每说一句,秦母的脸色就白一分,听到“肋骨断裂”、“留下病根”时,她几乎要晕厥过去,看向秦怀瑜的眼神更是淬了毒一般。
“抬走!快小心抬走!”秦破军指挥着下人,用门板小心翼翼地将昏迷的秦揽星抬起,送往他的院子。秦母哭着跟了上去,临走前,还回头狠狠剜了秦怀瑜一眼,那眼神里的怨恨,几乎凝成实质。
祠堂内瞬间空旷了不少,只剩下秦破军、秦执璧,以及被秦执璧依旧死死抱着的秦怀瑜,还有几个不敢擅离、战战兢兢的下人。
“二弟,放开她吧。”秦破军疲惫地揉了揉额角,对秦执璧说道。
秦执璧犹豫了一下,感受到怀中秦怀瑜的挣扎力道似乎小了一些,才试探性地、一点点松开了手臂,但全身肌肉依旧紧绷,随时准备再次扑上去。
秦怀瑜活动了一下被勒得有些发麻的手臂,看也没看秦氏兄弟一眼,径直走到一旁,弯腰捡起掉落在上的那副金属指虎,慢条斯理地取下,用帕子擦拭掉上面沾染的些许血迹,然后重新收回袖中。整个过程,她面无表情,仿佛刚才那个暴起伤人、几乎将亲兄长打残的煞神不是她一般。

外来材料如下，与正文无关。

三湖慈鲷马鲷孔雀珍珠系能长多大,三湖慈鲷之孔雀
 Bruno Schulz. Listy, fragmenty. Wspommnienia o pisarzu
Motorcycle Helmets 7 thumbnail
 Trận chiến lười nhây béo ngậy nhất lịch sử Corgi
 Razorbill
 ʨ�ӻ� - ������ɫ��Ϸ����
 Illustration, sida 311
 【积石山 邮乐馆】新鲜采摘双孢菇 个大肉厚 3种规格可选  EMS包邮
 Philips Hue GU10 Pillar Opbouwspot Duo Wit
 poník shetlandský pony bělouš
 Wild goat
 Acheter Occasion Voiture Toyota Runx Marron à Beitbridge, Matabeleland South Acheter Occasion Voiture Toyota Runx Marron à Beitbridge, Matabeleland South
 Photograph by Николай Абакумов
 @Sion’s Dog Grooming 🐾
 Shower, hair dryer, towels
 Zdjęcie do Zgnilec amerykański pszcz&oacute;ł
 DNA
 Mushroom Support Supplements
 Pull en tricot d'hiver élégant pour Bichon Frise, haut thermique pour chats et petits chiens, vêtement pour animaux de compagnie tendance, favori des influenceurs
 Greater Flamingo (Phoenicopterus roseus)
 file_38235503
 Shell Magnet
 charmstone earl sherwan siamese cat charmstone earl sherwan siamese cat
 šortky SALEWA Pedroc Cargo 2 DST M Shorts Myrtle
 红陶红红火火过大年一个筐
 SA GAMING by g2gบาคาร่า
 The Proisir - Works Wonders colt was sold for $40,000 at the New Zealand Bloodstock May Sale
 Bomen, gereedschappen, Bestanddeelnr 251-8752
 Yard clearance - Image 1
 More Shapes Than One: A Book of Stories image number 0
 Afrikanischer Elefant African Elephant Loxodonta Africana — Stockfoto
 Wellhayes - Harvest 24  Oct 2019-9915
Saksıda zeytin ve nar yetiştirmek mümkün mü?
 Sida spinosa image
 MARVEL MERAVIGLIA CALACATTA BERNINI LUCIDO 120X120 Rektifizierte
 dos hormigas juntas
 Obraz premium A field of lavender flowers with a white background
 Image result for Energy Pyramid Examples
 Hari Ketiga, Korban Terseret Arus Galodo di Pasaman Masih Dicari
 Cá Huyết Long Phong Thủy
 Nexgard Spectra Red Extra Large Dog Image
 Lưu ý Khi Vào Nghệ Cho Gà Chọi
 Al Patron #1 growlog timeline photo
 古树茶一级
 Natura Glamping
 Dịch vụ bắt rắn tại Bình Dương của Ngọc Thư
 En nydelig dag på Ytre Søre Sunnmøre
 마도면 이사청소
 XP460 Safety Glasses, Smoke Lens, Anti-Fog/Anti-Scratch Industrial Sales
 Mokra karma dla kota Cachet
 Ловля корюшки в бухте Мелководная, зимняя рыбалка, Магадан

秦破军看着她这一系列动作,喉咙有些发干。他深吸一口气,试图让自己的声音听起来平静一些:“怀瑜,今日之事,揽星他……口无遮拦,确有不对。但你下手,未免太重了。”
秦怀瑜终于抬眼看他,唇角勾起一抹极淡的、冰冷的弧度:“重?若非你二弟拦着,他现在已经是一具尸体了。”她的声音平淡无波,却让秦破军和秦执璧同时感到一股寒意从脚底升起。
“你……”秦执璧想说什么,却被秦破军用眼神制止。
秦破军知道,此刻再跟她讲道理、论对错,毫无意义。她根本不在乎他们的看法,也不在乎所谓的家规亲情。他转而道:“父亲已在回府的路上,不日即将抵达临州。今日之事,连同之前种种,必定瞒不过他。”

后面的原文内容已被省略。